THE DARKNESS OF THE MEDIEVAL ARCHIVES, the shadows of the library stacks: too vast for countless lifetimes of scholarship to exhaust? And yet, in our internet era, the accelerating machine-processing of centuries of collected medieval materials and data is yielding ever more detailed, extensive maps of the archive’s extent and features. The goal of completely surveying the archive, down to every folio and character, is not only increasingly viable but irresistible – and at a time when competence in its languages, diplomatics and palaeography is contracting; for this same process promises new revelations, of unprecedented richness and detail, about the medieval world itself.
Yet the great irony is that on our new map, the Dark Archives, the medieval unread and unreadable, dwarf all that we currently know, and indeed threaten to paralyse fresh research. In quantity, they encompass the great majority of the millions of known folios and associated records, that remain unread, unscanned and scattered across the world. Who will fund their expensive digitization? What should be prioritized? And to what end, when the mass-transcription and record-creation technologies needed to explore them remain unequal to the task?
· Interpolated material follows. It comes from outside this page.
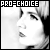 Pro-Choice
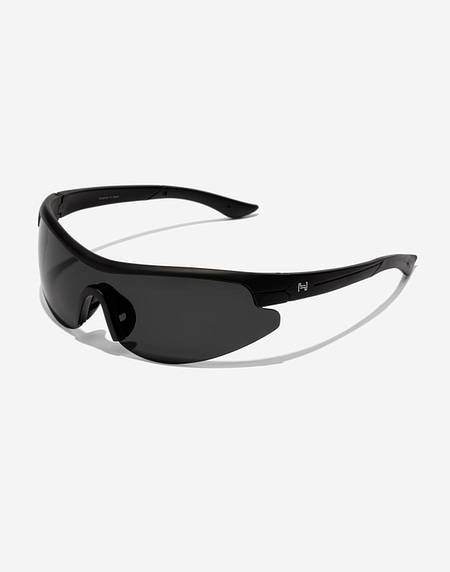 Gafas de sol Hawkers ACTIVE - POLARIZED BLACK DARK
Most challenging of all may be owning the shift in perspective that the Dark Archives are forcing upon us: the unsustainably small extent of what we term ‘the medieval’, and the uncertainty over what might succeed it.
This conference aims to crystallize and advance the field, both conceptually and practically, by bringing together its likely academic and commercial key-holders, from archivists and intellectual historians to machine-learning researchers.